Jason Moore: You must be quite pleased to see that the number of British living in Spain has actually increased?
Hugh Elliott: Yes! That is right. We know that the numbers have increased but perhaps we can´t say that the number of Brits living in Spain has increased! We suspect that some people, who were not registered, have now registered with the Spanish authorities. Overall, it is good news. Some people were saying that we would see a flood of Britons leaving Spain but this has not proved to be the case. We have 428,000 Britons living in Spain. It is big number.

Jason Moore: What are relations like between Britain and Spain at the moment, have they changed at all?
Hugh Elliott: Relations are very good between Spain and the UK. We have so much in common. There is a lot that goes on, on the business side, Spain is key for British investments and millions of British tourists come here on holiday every year. But the people-to-people links are extraordinary. We have discovered that the number of Spaniards living in the UK is much higher than we originally thought. When I first took up this job I was told that there were 180,000 Spaniards living in Britain, but tens of thousands have now registered and there are a similar number of Spaniards living in the UK as Britons living in Spain and that is just residents. It is a great testament of the important links which exist between both countries.

Jason Moore: You have a great relationship with the Balearic government...?
Hugh Elliott: We do. We have a great team at the Consulate General in Barcelona and at the Consulate in Palma. We have had excellent collaboration with the Balearic government and we are very grateful for it. We work together to ensure that we have safe tourism and Britons living in the islands are looked after.

Jason Moore: And Magalluf.....?
Hugh Elliott: We want Brits to come here, everyone wants Brits to come here (from the Balearic government, to the Council of Mallorca to the Calvia council) and have a fantastic time and we want them to stay safe. We don´t want them to get hurt. We all agree on that. Before the pandemic there were 24 serious incidents in Magalluf, it doesn´t need to be like that. We launched our public awareness campaign from the UK, a simple message about the risks that they probably hadn´t thought of and in 2019 there was a significant reduction in the number of incidents. Then the pandemic hit. I am told that Mallorca is heading for a good summer season so we have all relaunched the campaign. We are cautiously optimistic and very determined to continue with this campaign and to protect young people and keep young people out of serious harm.
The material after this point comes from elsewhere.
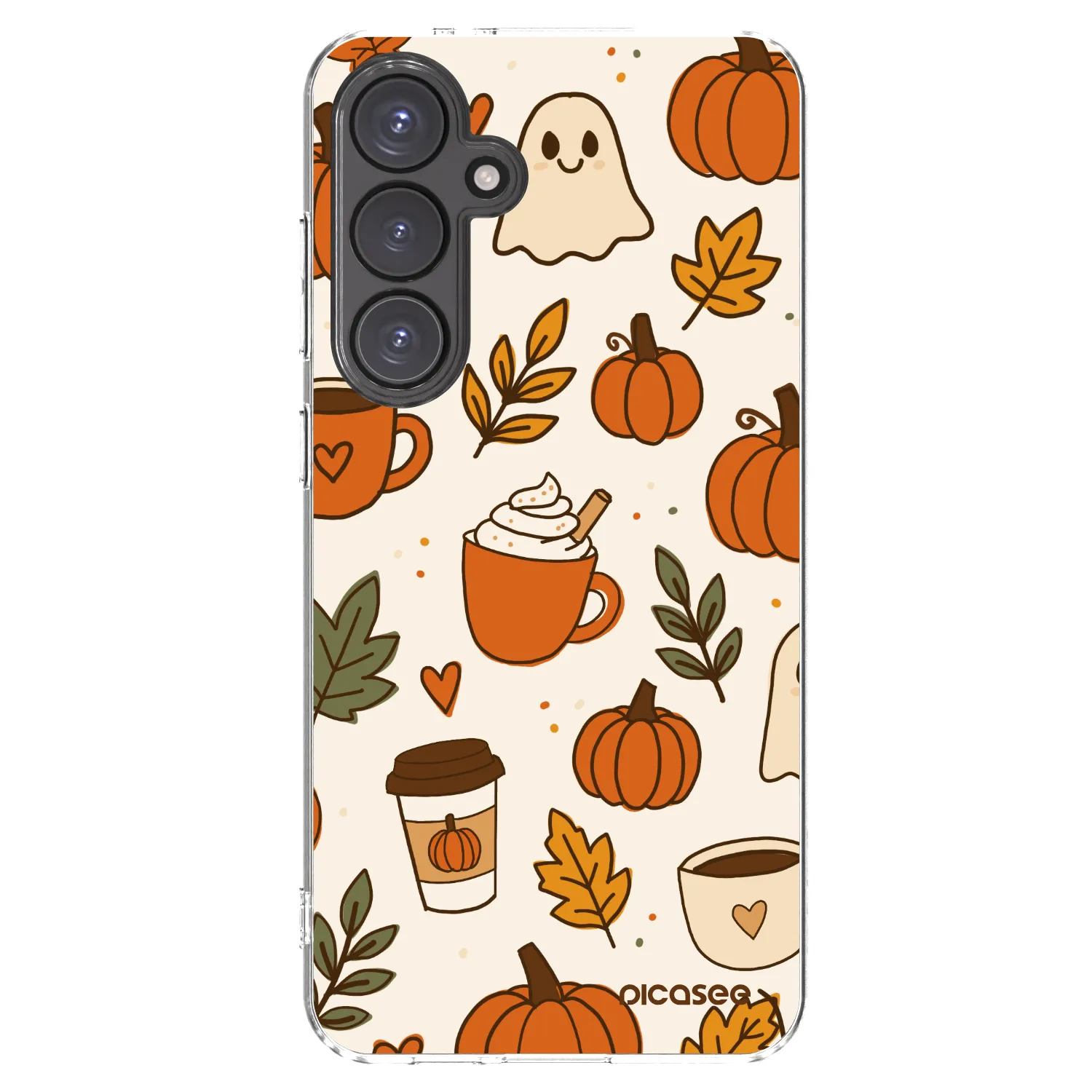 Picasee husă transparentă din silicon pentru Samsung Galaxy S24 FE S721B - Fall vibes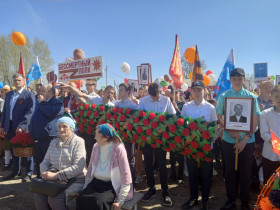 Торжественном митинг «Вечная слава павшим», посвященный 79-й годовщине Победы  в Великой Отечественной войне.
Jason Moore: What about Gibraltar?
Hugh Elliott: We have been working on the issue of Gibraltar for many months, I have been very heavily involved for some time now, and at the end of 2020 we reached a political deal, which gives us a framework, which now needs to be transformed into a treaty between the European Union and Gibraltar. We are about to have the 8th round of negotiations, we have made really good progress, these issues are never easy. There are important issues to work out on both sides but this agreement has got to be good for everyone. It is not a question of one side giving up sovereignty, obviously that would not be acceptable for the UK government. Gibraltar is playing a key role in these negotiations. We want an area of shared prosperity in and around Gibraltar on both sides of the border.
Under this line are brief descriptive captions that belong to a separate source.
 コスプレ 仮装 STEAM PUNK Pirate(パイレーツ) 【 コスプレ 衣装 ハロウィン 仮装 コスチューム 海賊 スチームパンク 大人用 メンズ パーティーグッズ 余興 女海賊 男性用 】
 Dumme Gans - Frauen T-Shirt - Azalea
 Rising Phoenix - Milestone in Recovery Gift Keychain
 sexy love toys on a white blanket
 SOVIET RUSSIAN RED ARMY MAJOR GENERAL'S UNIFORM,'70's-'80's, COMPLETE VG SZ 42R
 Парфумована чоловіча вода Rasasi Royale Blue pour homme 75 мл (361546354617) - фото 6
Jason Moore: You have been ambassador for three years....
Hugh Elliott: It has been an unusual three years because of the pandemic and a lot of people have suffered in different ways. I think our team across the Embassy and the Consular network have done an extraordinary job to help British citizens both tourists and residents, in times of great difficulty. The dedication and commitment from our team in Spain has probably been the highlight for me of my three years as British ambassador.